You are browsing a read-only backup copy of Wikitech. The live site can be found at wikitech.wikimedia.org
Analytics/Data Lake/Edits/Geoeditors
This is a private dataset that shows, in aggregate, what countries editors edit from. It is available only on the private cluster for now as we work out how to publish it for broader use. You can access this dataset on Superset or in the wmf.geoeditors_monthly
Hive table.
For details on the infrastructure that produces this data source, see Analytics/Systems/Geoeditors.
Data
col_name | data_type | comment |
---|---|---|
wiki_db | string | The wiki database the editors worked in |
country_code | string | The 2-letter ISO country code this group of editors geolocated to, including Unknown (--) |
users_are_anonymous | boolean | Whether or not this group of editors edited anonymously |
activity_level | string | How many edits this group of editors performed
possible values: "1 to 4", "5 to 99", "100 or more" |
distinct_editors | bigint | Number of editors meeting this activity level |
namespace_zero_distinct_editors | bigint | Number of editors meeting this activity level, with only namespace zero edits |
month | string | [partition] The month in YYYY-MM format |
NOTE: while users are grouped by their user_id
, which is a solid grouping, anonymous users are grouped by a hash of their User Agent and IP. This can still group multiple editors as one, but it should be rare enough that the numbers are indicative of anonymous editing patterns.

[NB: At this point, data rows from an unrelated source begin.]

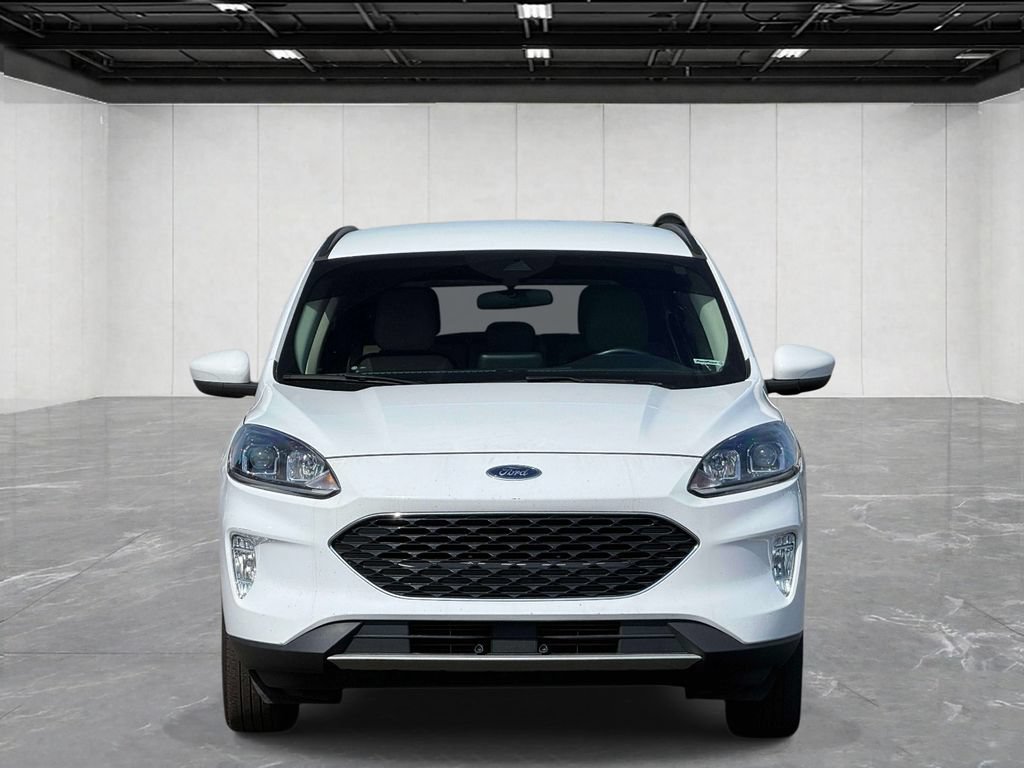Used 2020 Ford Escape SEL AWD/4WD image 2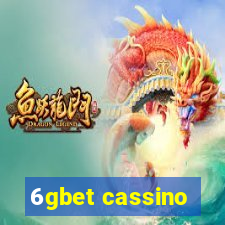 6gbet cassino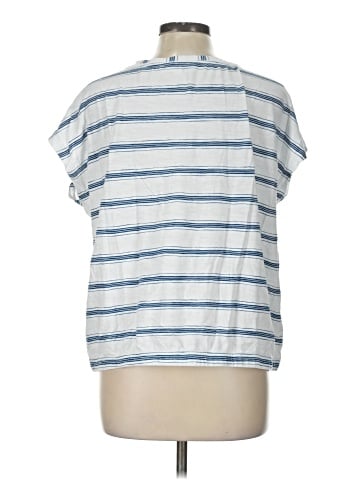 Jane and Delancey Short Sleeve T-Shirt (view 2)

From this table, you can find the number of editors, with different activity levels, anonymous or logged-in, in a specific project, editing from a specific country. An example query gets all this data for French Wikipedia in March 2018:
select
country_code,
users_are_anonymous,
activity_level,
sum(distinct_editors) as editor_count
from wmf.geowiki_monthly
where month='2018-03' and wiki_db = 'frwiki'
group by country_code, users_are_anonymous, activity_level;
Access
The easiest way to get to this data is by using Superset, a UI that you can use to access most of our datasources. The example geowiki dashboard is at https://superset.wikimedia.org/superset/dashboard/9. As an example, here's a map generated from the data:
Generation
To compile this dataset, we import the cu_changes
table and filter out all the entries for administrative actions. This result is available as the wmf_raw.mediawiki_private_cu_changes
table.
We then aggregate at the day and user level, labeling anonymous users and generate the wmf.geowiki_daily
table. Data in these two raw tables is available for 60 days on the cluster, because it directly includes the country of individual editors. From these tables, we them aggregate at the monthly level and get the wmf.geowiki_monthly
table. The schemas for the raw tables:
wmf.geowiki_daily
wiki_db string 'The wiki database of origin', country_code string 'The 2-letter ISO country code this group of edits geolocated to, including Unknown (--)', user_fingerprint_or_id string 'If an anonymous user, this is a hash of the IP + UA, otherwise it is their user id in this wiki db', user_is_anonymous boolean 'Whether or not this user edited this group of edits anonymously', date string 'The YYYY-MM-DD date for this group of edits', edit_count bigint 'The total count of edits for this grouping', namespace_zero_edit_count bigint 'The total count of edits to namespace zero for this grouping'
wmf_raw.mediawiki_private_cu_changes
cuc_id bigint 'Primary key, artificial', cuc_namespace bigint 'When pages are renamed, their RC entries do _not_ change.', cuc_title string 'When pages are renamed, their RC entries do _not_ change.', cuc_user bigint 'user_id, rev_user, the id of the user performing the action', cuc_user_text string 'user_text, rev_user_text, the name of the user at the time', cuc_actiontext string 'Unknown, undocumented', cuc_comment string 'The revision comment', cuc_minor boolean 'Whether this was a minor edit', cuc_page_id bigint 'The id of the page being edited', cuc_this_oldid bigint 'rev_id of the revision represented by this change', cuc_last_oldid bigint 'rev_id of the previous revision on this page', cuc_type int 'see https://www.mediawiki.org/wiki/Manual:Recentchanges_table#rc_type', cuc_timestamp string 'mediawiki-formatted timestamp of this event', cuc_ip string 'clear-text IP address of the user responsible for this event', cuc_agent string 'clear-text user agent of the user responsible for this event'
Data loss
- 2017: November 13th to November 20th, data not computed while the old database was decommissioned. Data will be lost if it's not re-computed by December 13th. As of this writing, we do not have capacity to save this data.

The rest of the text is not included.